The Inconsistency of the Ciderhouse Rule
The Ciderhouse Rules premièred when I was in high school. I know I didn’t see the film in the cinema, but I remember watching it shortly thereafter. The premise of the plot is the quest for a young doctor to come to terms with questions of abortion rights. The film tracks through a variety of elements, but the convincing argument comes near the end as our young doctor must contend with a woman suffering from a botched self-induced abortion.
The Ciderhouse Rule is that we should establish proactive measures to ensure that women have access to abortion services because women will seek the procedure anyway. Because people will go to desperate measures to access the procedure, medical doctors have an obligation to provide safe, reliable access to the procedure.
Increasingly, this particular justification of abortion strikes me as totally odd. For instance, we do not typically argue that youth violence needs a safe, reliable outlet. We do not focus on trying to convince a person engaging in cutting behaviour to cut more safely. These behaviours fall into a category of behaviour that we would like to see stop. Humans engage in all sorts of activity that is both dangerous and problematic. We don’t direct our energies into making things safer.
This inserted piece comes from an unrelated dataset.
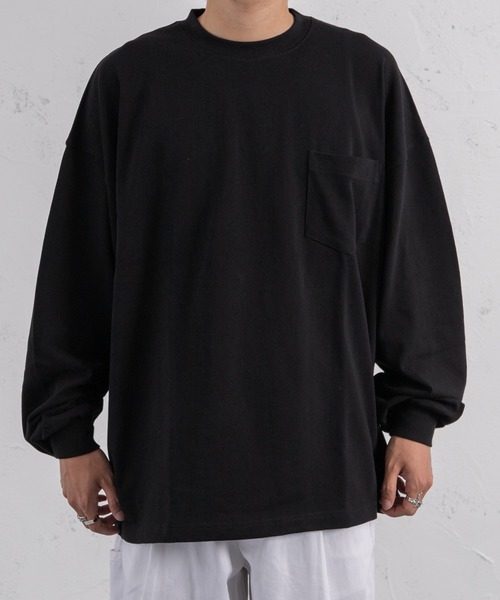 kutir（クティール）の「ルーズシルエット無地ポケットロンT（Tシャツ/カットソー・メンズ・ホワイト/ブラック/イエロー/グリーン・MEDIUM/LARGE）」の14枚目の写真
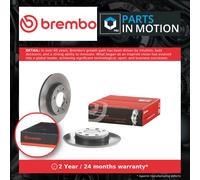 2x Brake Discs Pair Solid Rear 247mm 08.9719.11 Brembo Set 1618861980 4246W9 New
We try to address the broader problematic.
Recently, I read about a woman so desperate for an abortion that she paid someone $150 to beat her until she miscarried. I’m struck not by the context of abortion in this story, but rather by the woman’s willingness to be beaten. This woman’s willingness to be beaten might have come principally from an emotional imbalance that lead to risky behaviours to seek validation. Was this woman not, in effect, screaming out, “I’m worthless!” with her choice of mechanisms? Might not that view of self-worth influenced what drove her towards a sexual encounter? It does not take much for me to see that the presence of a child is a symptom of a much deeper root cause.
Having a child occurs amidst an interconnected web of causal factors. Some of these causal factors are distinctly biological. But I also think these causal factors are influenced a great deal by social realities. It is much more difficult to parse the differences between young poor women unexpectedly pregnant and partnered professional women inconveniently pregnant at the “wrong time” in their career. Encouraging girls to pursue their education with a healthy self-esteem and regard for the integrity of their bodies requires a very different approach than addressing the need for financial stability in the midst of an insanely paced professional world.
It’s much easier to cite the problem with a lump of unwanted cells in a woman’s uterus and remove those cells surgically. Because if those cells just go away, then everything will be better. After all, routinised technology solves everything.
But we can also fall into a huge trap of embracing a technological solution. I cannot for the life of me understand why some people treat abortive surgeries as minor procedures. The people I’ve talked to regarding the procedural aspects of an abortion are absolutely shocked to learn that I stayed awake for my wisdom teeth extraction. They could recite danger upon danger of wisdom tooth extraction and didn’t differentiate between exposed and impacted tooth. But I think there is also something that when my doctor extracts my wisdom teeth, he has to look me in the eye. Dental surgeries are uniquely human in that regard.
Acknowledging the uniquely human dimension means that yes, doctors will need to be prepared to support women with a myriad of pregnancy implications. Some of these implications may come from self-induced procedures. Yet, acknowledging the human dimension means looking beyond the technology while serving the full person present before you.